In the previous article, I gave an explanation about various computer vision tasks, ending with Panoptic Segmentation.
While that article did describe the nature of various computer vision tasks and their value, it missed out a really important element:
How do we measure how well we are performing the task?
So today I would like to take you through a guide of the various performance metrics that are used in computer vision today. Leading you to the Panoptic Quality metric, which is used to assess the Panoptic Segmentation task.
How do we tell a good prediction from a bad one?
In object detection, we want our algorithm to not only predict what class our object belongs to, but we also want it to identify where in the picture it’s located.
Taking an example of a single cat image, let’s suppose we want our algorithm to identify and locate the cat like so:
The black bounding box is the ‘answer’ that we want our algorithm to predict, which is commonly called the ‘ground truth’. So imagine we let our algorithm make a prediction and it goes ahead and produces the following bounding box:
Is that a good prediction or a bad prediction? We may have subjective opinions on it (I mean, it sort of got half the cat), but we need to have a concrete way to measure it.
Intersection over Union
A very common way to describe the quality of our prediction is to use the intersection over union equation:
If we momentarily remove our cat from the ground truth and prediction, we can visually see what this looks like:
By diving the area the prediction and ground truth intersect by the area they both consume, we get a ratio that is inclusively between 0 and 1, with 0 meaning there is no intersection and 1 being a perfect fit.
We can use the value of this ratio to identify whether or not our algorithm made an accurate prediction or failed to identify the target object. For example, we could say:
A value greater than or equal to 0.5 is a successful prediction and below is unsuccessful.
threshold ≥ 0.5 is a common value, in real world systems this number will be dependent on the task at hand and what quality of bounding box prediction you need.

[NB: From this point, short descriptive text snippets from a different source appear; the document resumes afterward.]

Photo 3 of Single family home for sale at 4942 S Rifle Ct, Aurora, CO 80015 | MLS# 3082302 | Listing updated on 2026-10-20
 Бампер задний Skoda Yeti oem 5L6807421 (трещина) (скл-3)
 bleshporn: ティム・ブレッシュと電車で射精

You need to pick the right value for the job you’re doing.
True Positive, False Negative and False Positive
So what if our prediction has a threshold value above 0.5? Well, we call that a true positive, or TP.
If it’s below? Well then we have two negative events that occur: A false negative and false positive:
When the bounding box IoU is below our threshold, as shown in the image above (right side), we conclude that the prediction was not correct, resulting in a situation where:
- We made a prediction that did not contain an object, a false positive.

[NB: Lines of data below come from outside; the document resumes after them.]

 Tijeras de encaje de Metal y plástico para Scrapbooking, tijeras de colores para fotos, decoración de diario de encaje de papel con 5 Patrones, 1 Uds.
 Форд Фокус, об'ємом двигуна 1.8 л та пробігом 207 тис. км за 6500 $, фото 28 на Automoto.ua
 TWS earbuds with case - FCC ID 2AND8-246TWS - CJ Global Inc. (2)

- We failed to predict the presence of the object, a false negative.
Now that we have a way of determining good and bad predictions, we can combine this knowledge to form some metrics!
Precision and Recall
Precision could be described with the following:
Out of all the shots I’ve taken, how many have been bulls-eyes?
Or more relevantly to us:
Of all the predictions, how many have been successful?

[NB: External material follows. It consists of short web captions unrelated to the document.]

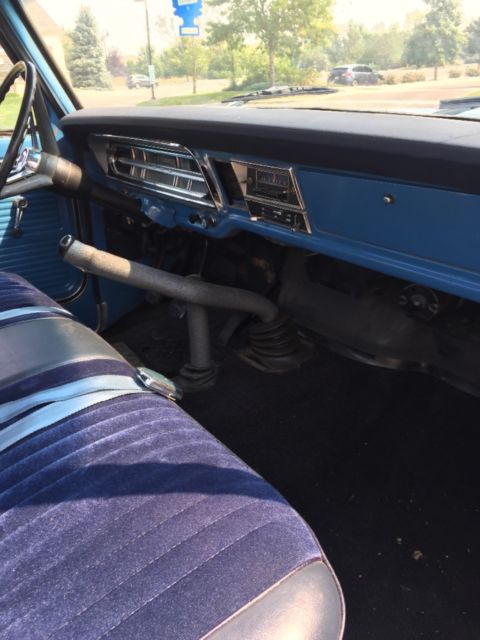 1970 Blue Ford F-100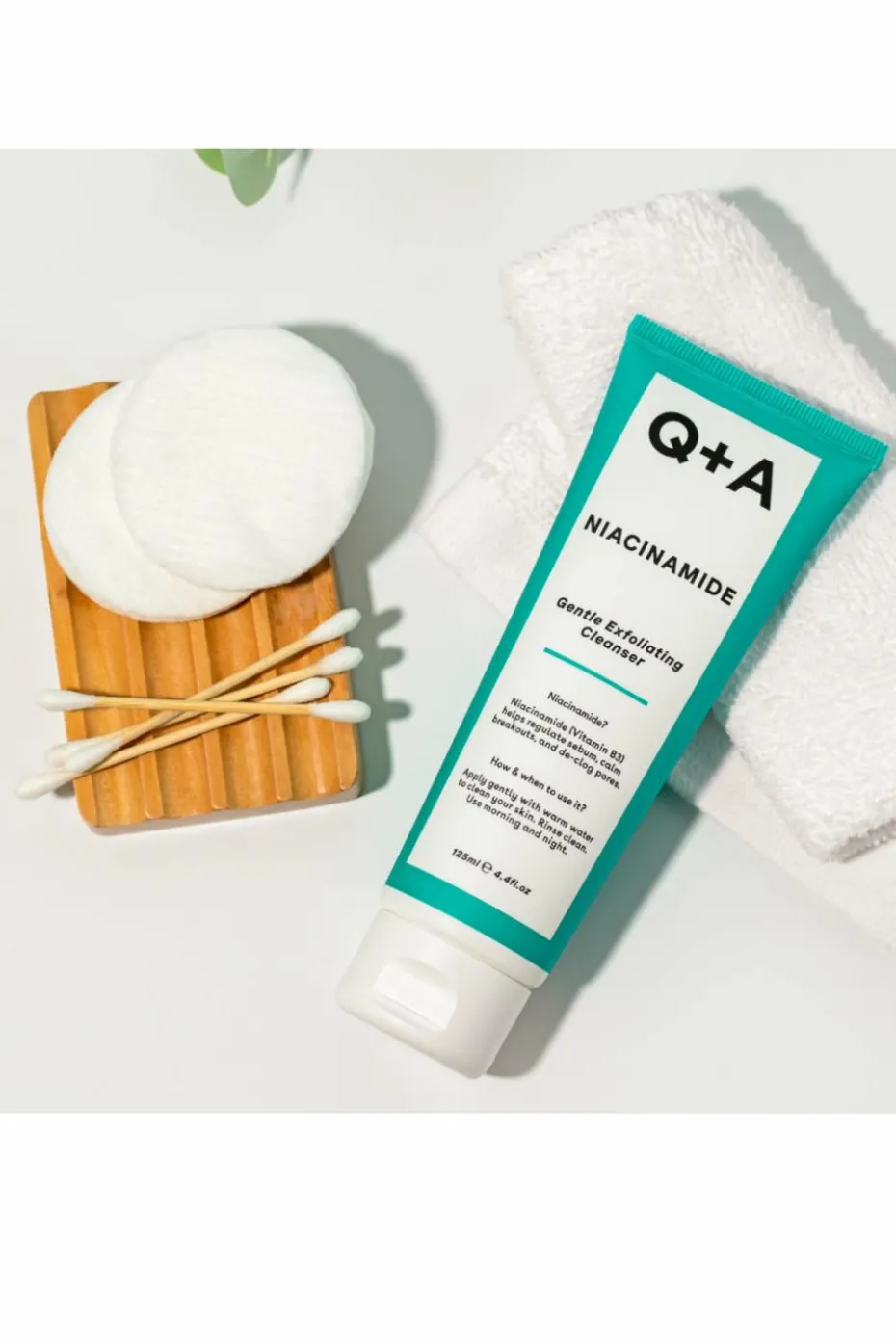 Nettoyant exfoliant doux à la niacinamide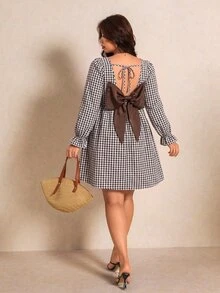 Elaquor فستان حفلة كاجوال للنساء بمقاسات كبيرة مزين بفيونكة بنقشة مربعات - بني - مشاهدة 6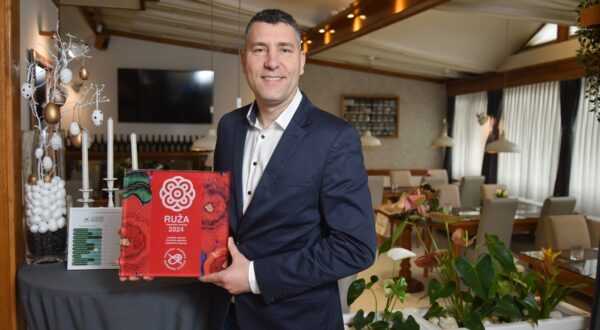 Bruno Ceronja je suvlasnik i voditelj restorana Mon Ami u Velikoj Gorici koji su 1997. otvorili njegovi roditelji Božo i Barbara Ceronja
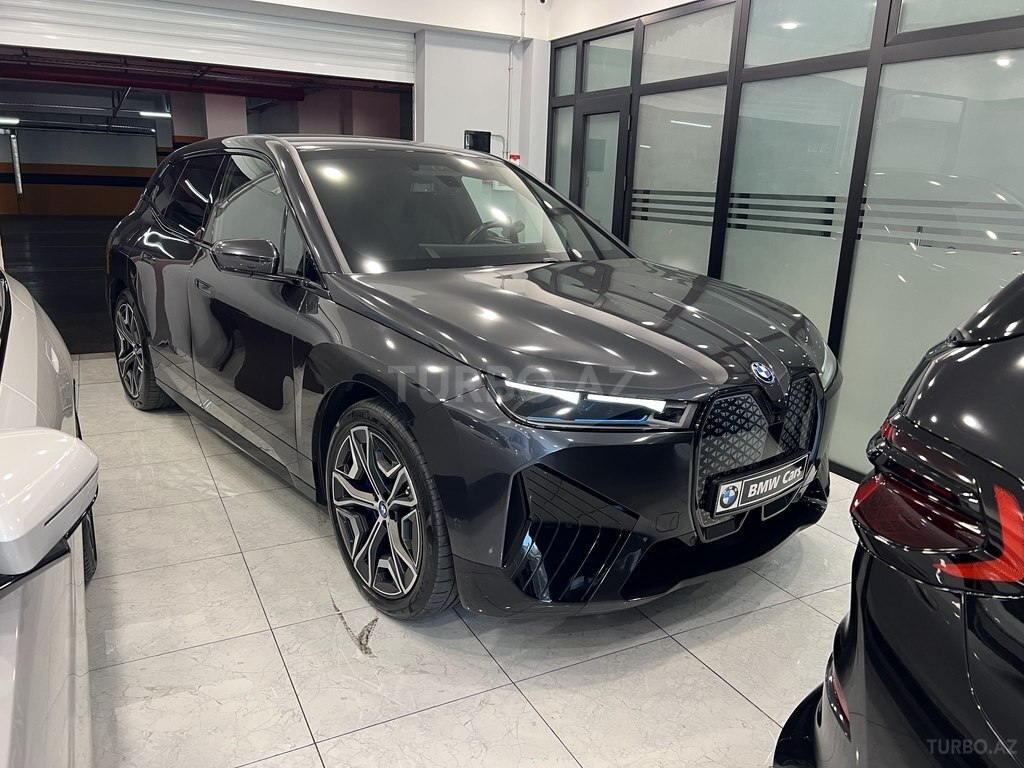 BMW iX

Expanding on our cat classification task, we can produce a small cat data-set and calculate our precision:
In this example, our precision will be
0.75, as we got 3 / 4 predictions correct.
Recall on the other-hand, works slightly differently:
Out of all the objects, how many did we detect?
In this example, we can see our recall being
0.75 as we were able to recall 3/4 cats.
Average Precision (AP)
Let’s stick to our 4 kitty data set above.
In order to calculate AP, we must rank our cat predictions based on our algorithms class probability (confidence) scores.
Normally these confidence scores will get produced when your model makes a prediction, but since we don’t have any actual predictions in our dummy data-set, let’s add some fake ones for illustration:
So to calculate AP, what we do is rank our predictions and then produce an accumulating precision-recall graph.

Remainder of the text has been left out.